Improving Your Energy Levels

Sometimes it seems that even the simplest everyday tasks are hard to accomplish, even after we get a decent night’s sleep. Our busy lives leave little time to stop and recharge our batteries, so sometimes it can feel as though we’re operating on a chronic energy deficit. However, there are ways of gaining that energy back. It all starts with recognizing the little places where it is likely to leak away. Here we provide some tips on how to improve energy levels.

Do not skip meals – Studies published in the journal Nutritional Health found that those who skipped any meal during the day had greater feelings of fatigue overall than those who ate regular meals. Breakfast is particularly important, as it jump-starts your system to prepare you for the day. Just avoid eating sugary breakfast foods, as it will only lead to an energy crash mid-morning. Eggs, oatmeal and smoothies are all good choices to provide you with energy that will last throughout the morning.

Drink more water – A lack of sufficient water can leave you feeling sluggish, even if you are only slightly dehydrated. A study published in the Journal of Nutrition found that women who were only 1% dehydrated reported feeling fatigued and depressed, in comparison with the participants who were optimally hydrated. You don’t need to drink 8 glasses a day, but if you find yourself feeling tired, drink a glass of water and it may boost your energy.

Get more magnesium – This mineral is responsible for over 300 of the body’s biochemical functions, including creating energy from the breakdown of glucose. According to the USDA, almost 60% of the American population is deficient in magnesium. When levels are even just a little low, your energy can drop.

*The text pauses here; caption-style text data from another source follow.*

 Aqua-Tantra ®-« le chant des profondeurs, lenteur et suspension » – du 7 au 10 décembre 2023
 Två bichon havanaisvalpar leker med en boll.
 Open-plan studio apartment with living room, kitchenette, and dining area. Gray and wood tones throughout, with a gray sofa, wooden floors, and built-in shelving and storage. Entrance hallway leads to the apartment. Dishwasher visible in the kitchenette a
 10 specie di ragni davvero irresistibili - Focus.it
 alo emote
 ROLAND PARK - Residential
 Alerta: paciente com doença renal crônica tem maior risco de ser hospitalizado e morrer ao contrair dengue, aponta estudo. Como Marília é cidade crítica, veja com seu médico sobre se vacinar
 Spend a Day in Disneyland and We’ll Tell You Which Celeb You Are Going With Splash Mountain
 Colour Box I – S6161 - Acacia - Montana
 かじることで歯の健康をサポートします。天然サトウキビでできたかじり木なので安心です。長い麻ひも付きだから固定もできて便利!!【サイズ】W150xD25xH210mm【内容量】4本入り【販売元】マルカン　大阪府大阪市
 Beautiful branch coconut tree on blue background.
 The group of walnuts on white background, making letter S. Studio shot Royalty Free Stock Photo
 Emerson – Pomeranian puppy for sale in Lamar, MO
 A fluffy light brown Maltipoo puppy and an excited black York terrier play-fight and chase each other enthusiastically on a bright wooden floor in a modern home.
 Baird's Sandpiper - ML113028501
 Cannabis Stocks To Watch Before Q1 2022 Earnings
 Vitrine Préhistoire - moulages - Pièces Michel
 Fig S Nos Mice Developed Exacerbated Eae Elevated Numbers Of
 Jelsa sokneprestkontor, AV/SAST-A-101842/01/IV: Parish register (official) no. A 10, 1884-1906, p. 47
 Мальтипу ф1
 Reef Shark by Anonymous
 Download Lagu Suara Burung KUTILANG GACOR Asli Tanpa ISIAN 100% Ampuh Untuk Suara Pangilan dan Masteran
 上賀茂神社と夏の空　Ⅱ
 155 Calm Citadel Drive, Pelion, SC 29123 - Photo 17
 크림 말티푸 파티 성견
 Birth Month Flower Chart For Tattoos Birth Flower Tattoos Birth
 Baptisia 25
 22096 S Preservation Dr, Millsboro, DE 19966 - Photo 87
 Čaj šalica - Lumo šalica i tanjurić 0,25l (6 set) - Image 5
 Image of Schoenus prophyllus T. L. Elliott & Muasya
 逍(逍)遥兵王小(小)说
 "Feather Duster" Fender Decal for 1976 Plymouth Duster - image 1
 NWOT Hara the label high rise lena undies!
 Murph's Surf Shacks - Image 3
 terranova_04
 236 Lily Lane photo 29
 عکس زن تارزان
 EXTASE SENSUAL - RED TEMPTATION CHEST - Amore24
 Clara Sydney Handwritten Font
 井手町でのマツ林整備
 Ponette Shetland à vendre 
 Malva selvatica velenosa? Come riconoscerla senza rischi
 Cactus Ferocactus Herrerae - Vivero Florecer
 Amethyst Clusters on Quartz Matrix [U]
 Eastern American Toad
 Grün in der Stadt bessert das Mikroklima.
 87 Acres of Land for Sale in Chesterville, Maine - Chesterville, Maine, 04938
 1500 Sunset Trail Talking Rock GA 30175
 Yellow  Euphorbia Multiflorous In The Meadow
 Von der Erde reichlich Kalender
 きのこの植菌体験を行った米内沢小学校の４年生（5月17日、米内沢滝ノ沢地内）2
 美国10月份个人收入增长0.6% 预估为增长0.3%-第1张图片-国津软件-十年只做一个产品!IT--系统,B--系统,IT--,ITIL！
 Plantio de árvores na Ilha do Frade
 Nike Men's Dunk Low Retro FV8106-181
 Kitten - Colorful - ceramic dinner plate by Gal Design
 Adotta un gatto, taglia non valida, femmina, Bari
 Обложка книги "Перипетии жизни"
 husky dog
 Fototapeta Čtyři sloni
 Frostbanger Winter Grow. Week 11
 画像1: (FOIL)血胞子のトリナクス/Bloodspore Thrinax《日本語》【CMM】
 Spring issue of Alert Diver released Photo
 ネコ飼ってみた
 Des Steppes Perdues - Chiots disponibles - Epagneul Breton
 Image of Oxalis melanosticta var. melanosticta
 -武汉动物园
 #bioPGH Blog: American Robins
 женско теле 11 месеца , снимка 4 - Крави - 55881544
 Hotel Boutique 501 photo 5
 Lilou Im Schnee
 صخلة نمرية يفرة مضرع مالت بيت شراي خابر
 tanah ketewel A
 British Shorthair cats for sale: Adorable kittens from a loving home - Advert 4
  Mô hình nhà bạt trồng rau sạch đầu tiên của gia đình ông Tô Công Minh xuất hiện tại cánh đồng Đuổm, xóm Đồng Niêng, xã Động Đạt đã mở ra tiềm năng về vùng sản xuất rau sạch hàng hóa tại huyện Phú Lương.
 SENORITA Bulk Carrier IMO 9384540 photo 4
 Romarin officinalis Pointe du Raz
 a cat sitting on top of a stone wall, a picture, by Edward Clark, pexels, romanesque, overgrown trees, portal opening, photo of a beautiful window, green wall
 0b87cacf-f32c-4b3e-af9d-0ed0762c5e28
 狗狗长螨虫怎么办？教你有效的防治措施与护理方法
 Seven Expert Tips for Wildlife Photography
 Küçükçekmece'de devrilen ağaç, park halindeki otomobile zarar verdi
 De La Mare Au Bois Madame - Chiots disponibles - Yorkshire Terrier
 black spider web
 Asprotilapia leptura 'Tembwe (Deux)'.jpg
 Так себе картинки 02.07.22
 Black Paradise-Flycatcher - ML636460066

Increase your intake of magnesium-rich foods such as nuts, seeds, whole grains and dark chocolate.

Get some exercise – Contrary to what you may think, exercise actually increases energy levels. Walking is particularly good for giving you more get-up-and-go. The results of a California State experiment found that subjects taking a brisk, 10-minute walk reported increased energy levels for the following two hours.

Reduce stress – Of course this is easier said than done, but there are stress reduction techniques you can learn to lower levels of energy-zapping stress in your life. Deep breathing and meditation are good ways to handle stress. Slow, deep breathing through the abdomen has been practiced by many cultures for centuries as a way of increasing energy. Even things as simple as listening to music or reading a book can help you to relax.